Every entry must be output exactly as it was written.

***** Data

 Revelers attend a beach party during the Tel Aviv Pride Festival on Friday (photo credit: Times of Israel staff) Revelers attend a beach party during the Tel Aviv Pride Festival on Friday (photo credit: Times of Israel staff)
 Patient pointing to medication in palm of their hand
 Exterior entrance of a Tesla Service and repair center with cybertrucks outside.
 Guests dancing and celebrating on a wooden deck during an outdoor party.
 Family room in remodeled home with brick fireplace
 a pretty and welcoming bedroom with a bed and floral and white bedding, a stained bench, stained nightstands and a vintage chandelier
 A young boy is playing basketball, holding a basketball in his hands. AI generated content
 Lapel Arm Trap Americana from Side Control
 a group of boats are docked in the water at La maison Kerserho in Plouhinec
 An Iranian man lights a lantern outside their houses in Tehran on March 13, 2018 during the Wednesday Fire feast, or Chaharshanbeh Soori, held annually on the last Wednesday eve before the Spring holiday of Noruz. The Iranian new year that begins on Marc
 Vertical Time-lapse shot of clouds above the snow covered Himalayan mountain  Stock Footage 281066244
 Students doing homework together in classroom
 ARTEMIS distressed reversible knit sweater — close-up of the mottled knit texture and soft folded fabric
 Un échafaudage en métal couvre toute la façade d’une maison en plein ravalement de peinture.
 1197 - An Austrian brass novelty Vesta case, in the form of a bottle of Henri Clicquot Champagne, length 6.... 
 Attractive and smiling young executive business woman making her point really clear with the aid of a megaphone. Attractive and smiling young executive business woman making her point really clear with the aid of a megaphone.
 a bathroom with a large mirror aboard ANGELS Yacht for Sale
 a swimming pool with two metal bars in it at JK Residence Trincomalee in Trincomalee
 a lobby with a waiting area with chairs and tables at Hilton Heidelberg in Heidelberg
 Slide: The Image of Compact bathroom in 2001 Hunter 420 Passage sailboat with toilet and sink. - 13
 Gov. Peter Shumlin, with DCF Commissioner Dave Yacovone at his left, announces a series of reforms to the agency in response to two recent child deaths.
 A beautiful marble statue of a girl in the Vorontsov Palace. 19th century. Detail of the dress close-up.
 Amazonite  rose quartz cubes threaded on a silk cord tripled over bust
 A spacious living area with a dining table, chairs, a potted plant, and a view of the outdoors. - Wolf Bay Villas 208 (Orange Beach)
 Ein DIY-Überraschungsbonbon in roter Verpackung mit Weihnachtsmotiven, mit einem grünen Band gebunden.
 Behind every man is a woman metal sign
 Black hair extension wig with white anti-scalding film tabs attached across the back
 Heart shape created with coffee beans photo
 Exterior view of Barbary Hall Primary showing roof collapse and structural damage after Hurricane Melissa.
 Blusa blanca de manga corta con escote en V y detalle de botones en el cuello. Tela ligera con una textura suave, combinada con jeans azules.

**********

• **Task response**
 Revelers attend a beach party during the Tel Aviv Pride Festival on Friday (photo credit: Times of Israel staff) Revelers attend a beach party during the Tel Aviv Pride Festival on Friday (photo credit: Times of Israel staff)
 Patient pointing to medication in palm of their hand
 Exterior entrance of a Tesla Service and repair center with cybertrucks outside.
 Guests dancing and celebrating on a wooden deck during an outdoor party.
 Family room in remodeled home with brick fireplace
 a pretty and welcoming bedroom with a bed and floral and white bedding, a stained bench, stained nightstands and a vintage chandelier
 A young boy is playing basketball, holding a basketball in his hands. AI generated content
 Lapel Arm Trap Americana from Side Control
 a group of boats are docked in the water at La maison Kerserho in Plouhinec
 An Iranian man lights a lantern outside their houses in Tehran on March 13, 2018 during the Wednesday Fire feast, or Chaharshanbeh Soori, held annually on the last Wednesday eve before the Spring holiday of Noruz. The Iranian new year that begins on Marc
 Vertical Time-lapse shot of clouds above the snow covered Himalayan mountain  Stock Footage 281066244
 Students doing homework together in classroom
 ARTEMIS distressed reversible knit sweater — close-up of the mottled knit texture and soft folded fabric
 Un échafaudage en métal couvre toute la façade d’une maison en plein ravalement de peinture.
 1197 - An Austrian brass novelty Vesta case, in the form of a bottle of Henri Clicquot Champagne, length 6.... 
 Attractive and smiling young executive business woman making her point really clear with the aid of a megaphone. Attractive and smiling young executive business woman making her point really clear with the aid of a megaphone.
 a bathroom with a large mirror aboard ANGELS Yacht for Sale
 a swimming pool with two metal bars in it at JK Residence Trincomalee in Trincomalee
 a lobby with a waiting area with chairs and tables at Hilton Heidelberg in Heidelberg
 Slide: The Image of Compact bathroom in 2001 Hunter 420 Passage sailboat with toilet and sink. - 13
 Gov. Peter Shumlin, with DCF Commissioner Dave Yacovone at his left, announces a series of reforms to the agency in response to two recent child deaths.
 A beautiful marble statue of a girl in the Vorontsov Palace. 19th century. Detail of the dress close-up.
 Amazonite  rose quartz cubes threaded on a silk cord tripled over bust
 A spacious living area with a dining table, chairs, a potted plant, and a view of the outdoors. - Wolf Bay Villas 208 (Orange Beach)
 Ein DIY-Überraschungsbonbon in roter Verpackung mit Weihnachtsmotiven, mit einem grünen Band gebunden.
 Behind every man is a woman metal sign
 Black hair extension wig with white anti-scalding film tabs attached across the back
 Heart shape created with coffee beans photo
 Exterior view of Barbary Hall Primary showing roof collapse and structural damage after Hurricane Melissa.
 Blusa blanca de manga corta con escote en V y detalle de botones en el cuello. Tela ligera con una textura suave, combinada con jeans azules.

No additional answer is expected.